▸ **EXERCISE AIM**
Copy, please, the line with "0029cc BMW Fault Code" and each line that follows it through the end of the data below, exactly as given and without pictures.

((

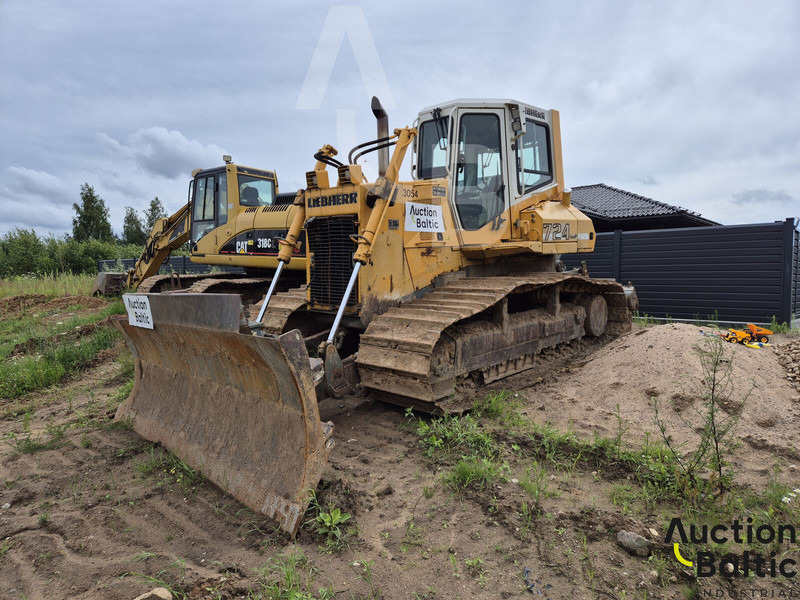 Liebherr PR 724 L GP - Máy ủi: hình 1 Liebherr PR 724 L GP - Máy ủi: hình 1
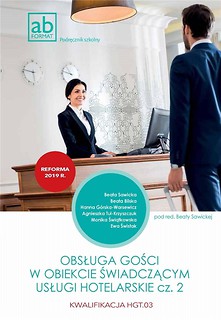 Obsługa gości w obiekcie świad. usługi hotel. cz.2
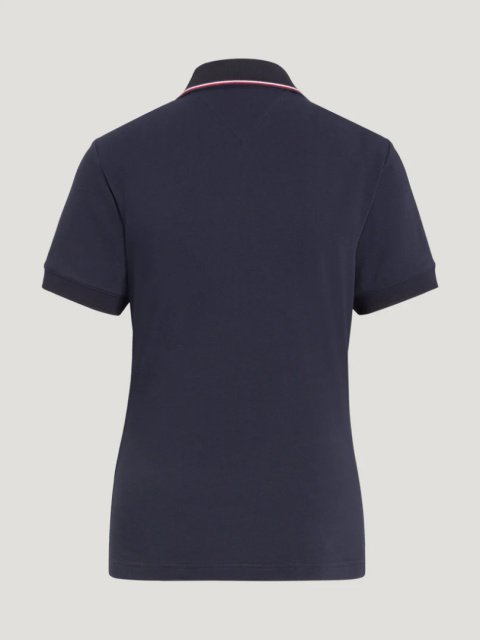 Koszulka polo Tommy Hilfiger Camden z zamkiem I krótkim rękawem Koszulka polo Tommy Hilfiger Camden z zamkiem I krótkim rękawem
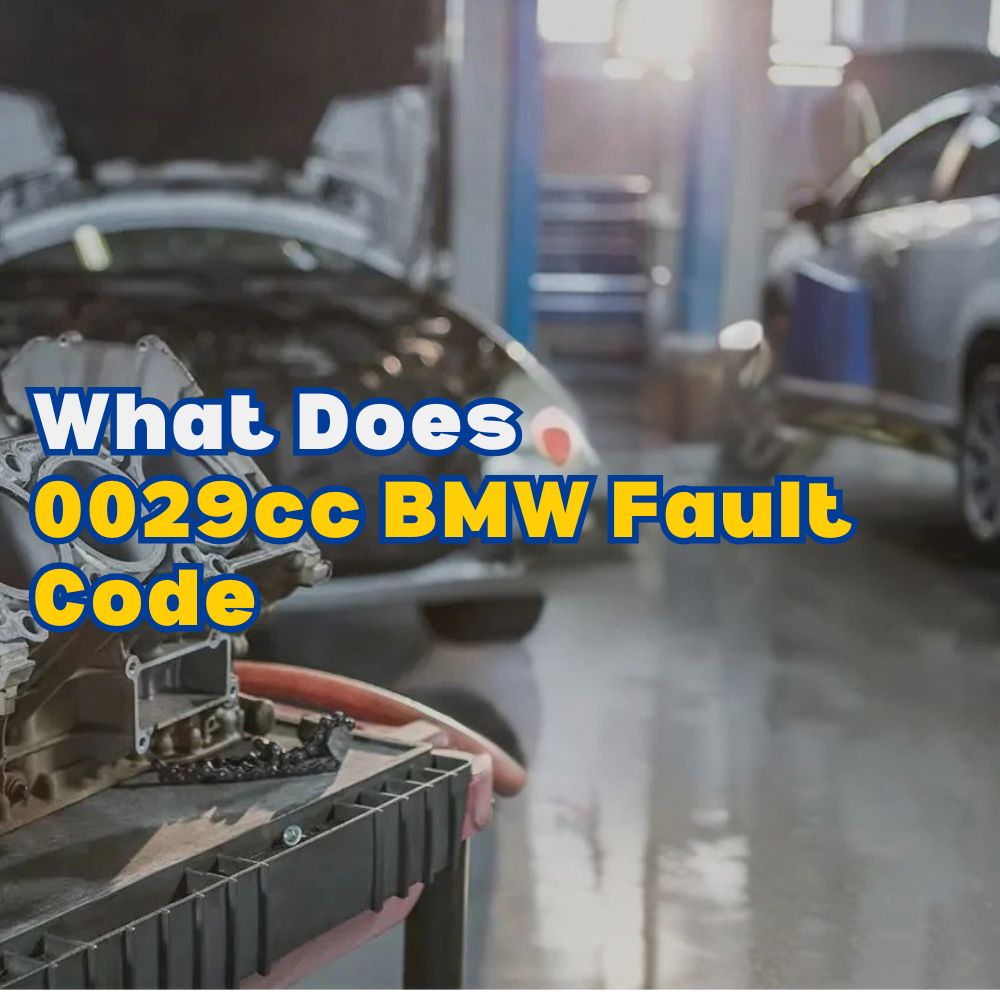 0029cc BMW Fault Code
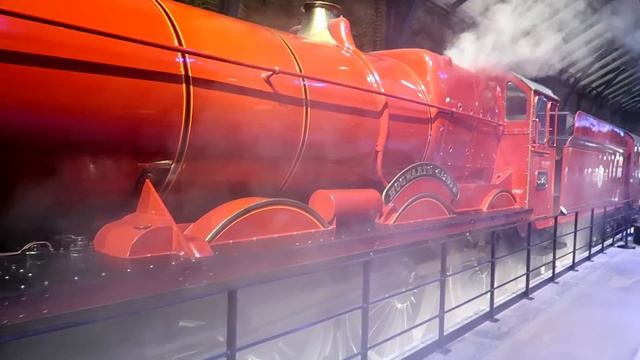 The Making Of Harry Potter - Warner Bros. Studio Tour London Vlog смотреть онлайн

))

▸ **OUTPUT OF THE TASK**
 0029cc BMW Fault Code
 The Making Of Harry Potter - Warner Bros. Studio Tour London Vlog смотреть онлайн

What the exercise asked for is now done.